Beispielsweise wurde dieses Jahr im Tempel von Phitsanulok, dem "Wat Phra Si Rattana Mahathat", kurz Wat Yai, eine neue Buddha-Statue gegossen und einer Schule zur Verfügung gestellt. Die Größe des Buddhas hängt dabei von der Spendierfreudigkeit der Besucher des Tempels ab.
An diesem heiligen Tag kauft jeder Buddhist eine Kerze. Diese zündet man an und umrundet dann dreimal den Tempel. Jeder bekommt zu seiner Kerze ein kleines Stück Blattgold, welches man nach Beendigung der drei Runden an einen Buddha anheftet. Später wird dieser eingeschmolzen und zu einem neuen Buddha verarbeitet. Einige Thais spenden aber auch andere Materialen, wie beispielsweise Metall oder Kupfer.
Während das Material für die Statue geschmolzen wird, beten zahlreiche Mönche aus verschiedenen Regionen Thailands für die Statue, bis sie dann eine Form gegossen wird.
Von Geisterhäuschen zu hinduistischen Mythen
Abgesehen von Opfergaben an die Bettelmönche und zahlreichen Festen zeigt sich der Buddhismus im Alltag deutlich wenn man sich in einem thailändischen Haushalt umblickt.
Buddha-Statuen finden sich in allen möglichen Variationen: groß oder klein, hell oder dunkel, ob aus Stein oder Holz.
Alle Statuen haben eine Gemeinsamkeit: Sie müssen mit großem Respekt behandelt werden.

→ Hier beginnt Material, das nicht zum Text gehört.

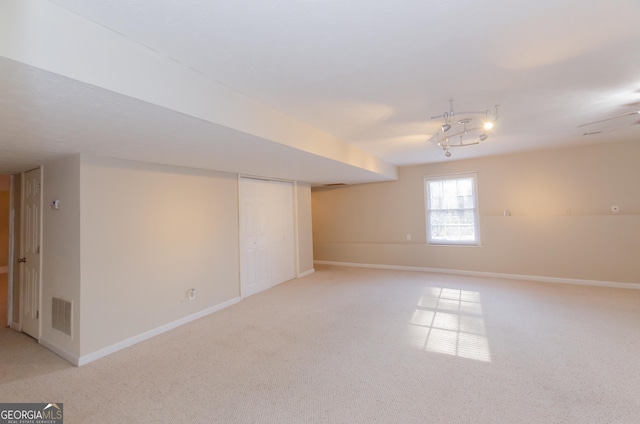 basement featuring light carpet, baseboards, and visible vents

Man darf sie weder auf den Boden stellen noch sich so vor sie setzen, dass die Zehenspitzen auf sie zeigen. Letzteres gilt in Thailand allerdings auch für Menschen.
Ein weiterer Gegenstand, welcher den thailändischen Buddhismus repräsentiert, ist das Geisterhäuschen, das man sowohl vor Privathäusern als auch in der Öffentlichkeit findet.
Dieses Element des buddhistischen Glaubens stammt aus den Volksreligionen, welche den thailändischen Buddhismus stark prägen. Der Glaube an Geister ist teilweise heute noch verbreitet. Man sollte es deshalb in Thailand tunlichst vermeiden zu pfeifen, da dieses Geräusch Geister anlocken soll.
Neben den Volksreligionen wird der thailändische Buddhismus auch stark durch den Hinduismus beeinflusst. Dies erkennt man zwar weniger im Alltag, mehr jedoch wenn man den Königspalast in Bangkok oder die Ruinen der ehemaligen Hauptstadt Sukhothai betrachtet. In Stein gehauene Tiergötter erzählen dort hinduistische Mythen.
Der Buddhismus mit seinen zahlreichen Einflüssen prägt die thailändische Bevölkerung deutlich in ihrem Alltag.
Die Thais laden auch einen Nicht-Buddhisten dazu ein, traditionelle Rituale auszuprobieren und Feste mitzufeiern. Mit einem breiten Lächeln werden sie dann den Fremden fragen: "Sanuk, mai?" (Es macht dir Spaß, oder?), worauf dieser mit großer Begeisterung antworten wird: "Sanuk mak mak!" (Es macht mir sehr viel Spaß!)